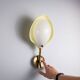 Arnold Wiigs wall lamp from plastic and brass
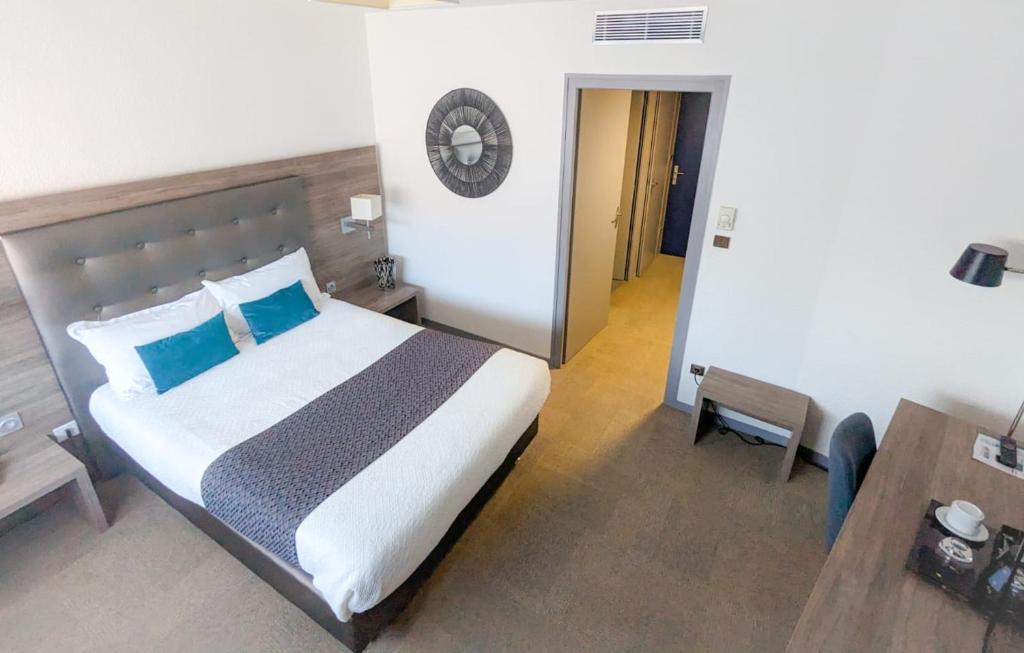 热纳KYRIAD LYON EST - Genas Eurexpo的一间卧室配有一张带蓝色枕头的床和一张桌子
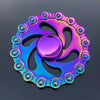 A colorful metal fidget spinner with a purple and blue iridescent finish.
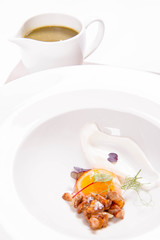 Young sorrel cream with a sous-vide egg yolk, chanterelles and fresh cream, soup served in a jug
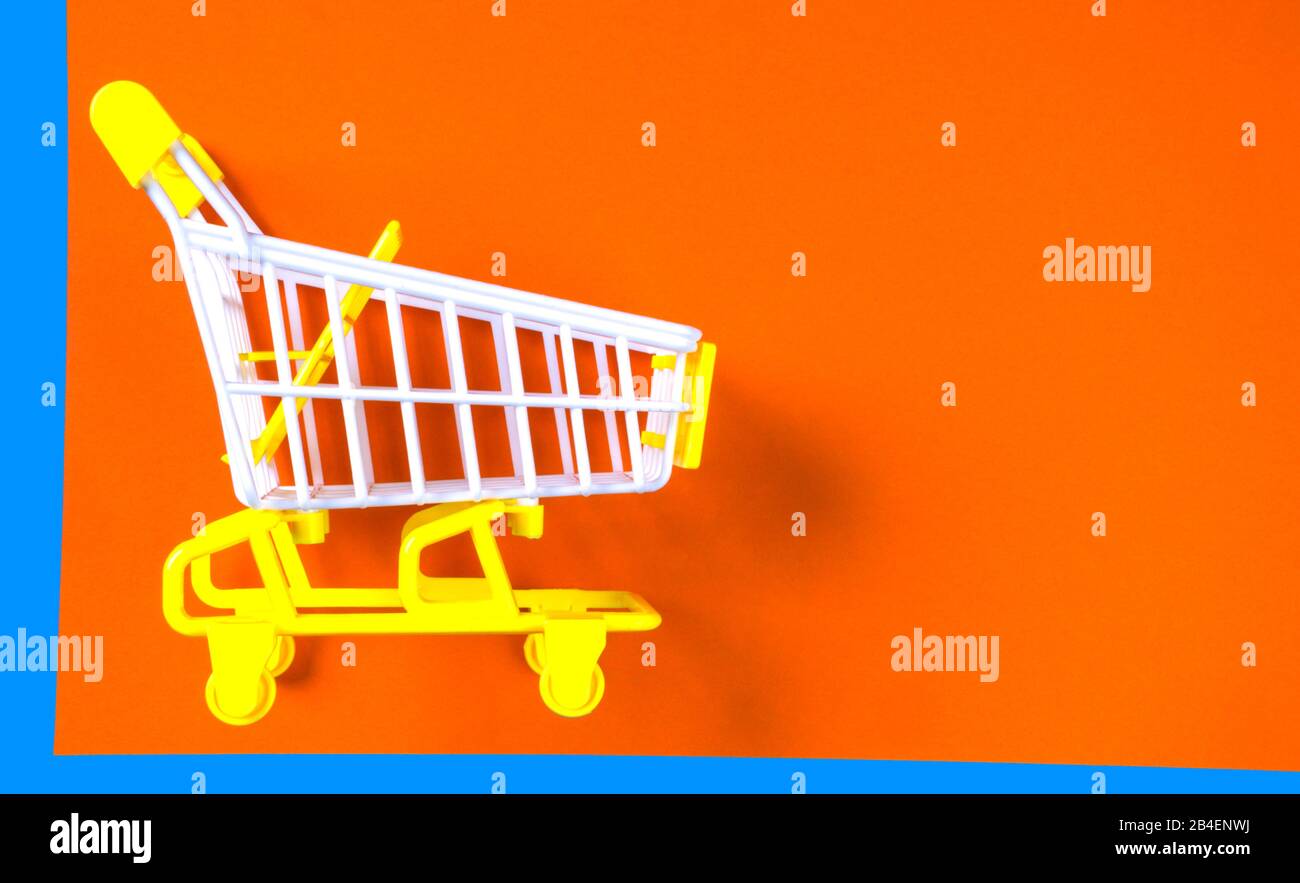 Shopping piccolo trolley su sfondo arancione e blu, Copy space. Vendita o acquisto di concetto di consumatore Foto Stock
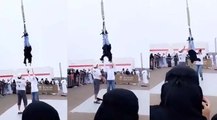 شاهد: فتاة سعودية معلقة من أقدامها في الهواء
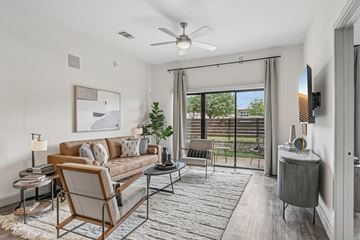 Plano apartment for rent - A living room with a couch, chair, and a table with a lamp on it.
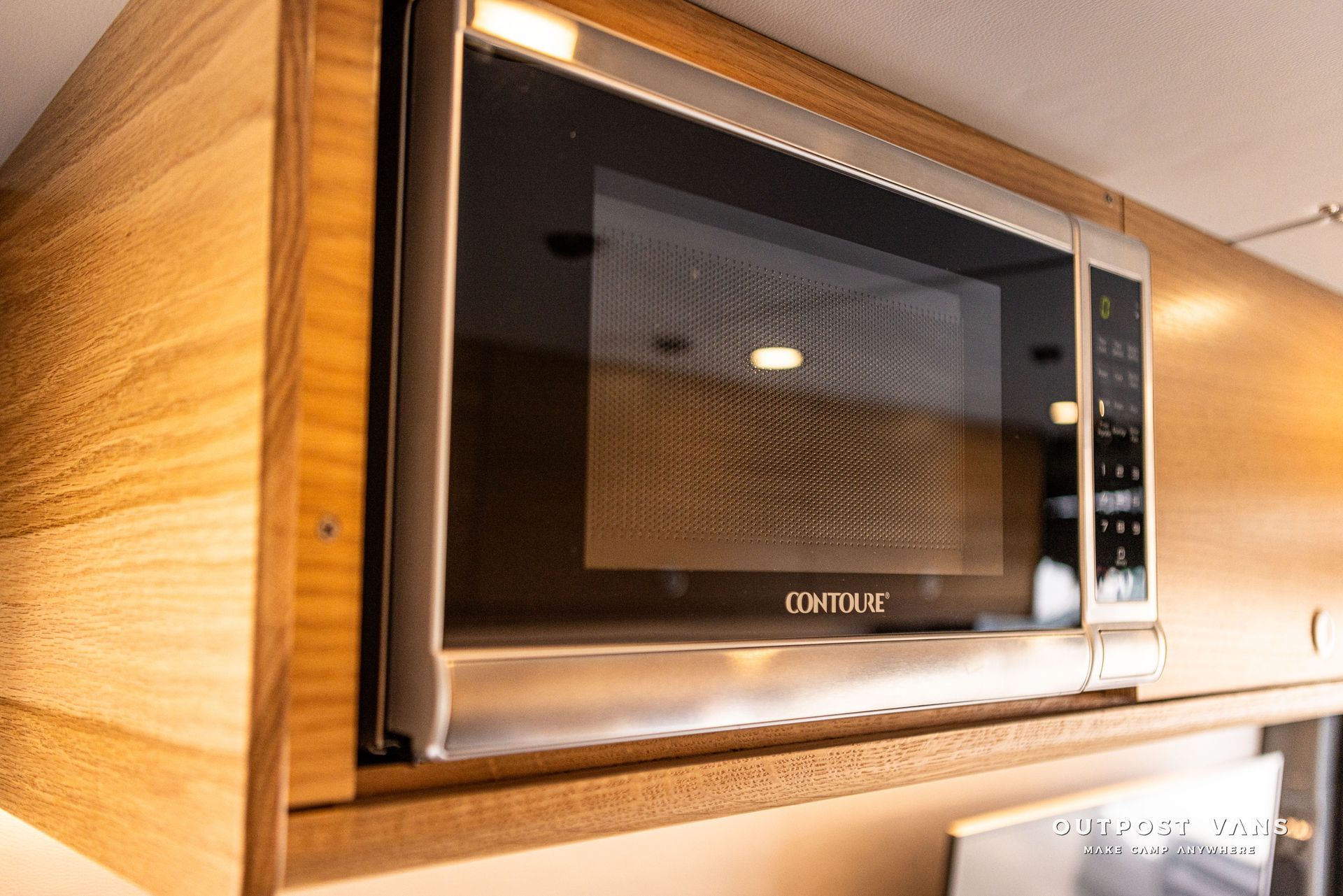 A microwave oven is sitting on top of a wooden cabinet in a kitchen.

• [Work instructions]
Pictures stay out; all other material above is restated word for word.

• [Exercise result]
 Arnold Wiigs wall lamp from plastic and brass
 热纳KYRIAD LYON EST - Genas Eurexpo的一间卧室配有一张带蓝色枕头的床和一张桌子
 A colorful metal fidget spinner with a purple and blue iridescent finish.
 Young sorrel cream with a sous-vide egg yolk, chanterelles and fresh cream, soup served in a jug
 Shopping piccolo trolley su sfondo arancione e blu, Copy space. Vendita o acquisto di concetto di consumatore Foto Stock
 شاهد: فتاة سعودية معلقة من أقدامها في الهواء
 Plano apartment for rent - A living room with a couch, chair, and a table with a lamp on it.
 A microwave oven is sitting on top of a wooden cabinet in a kitchen.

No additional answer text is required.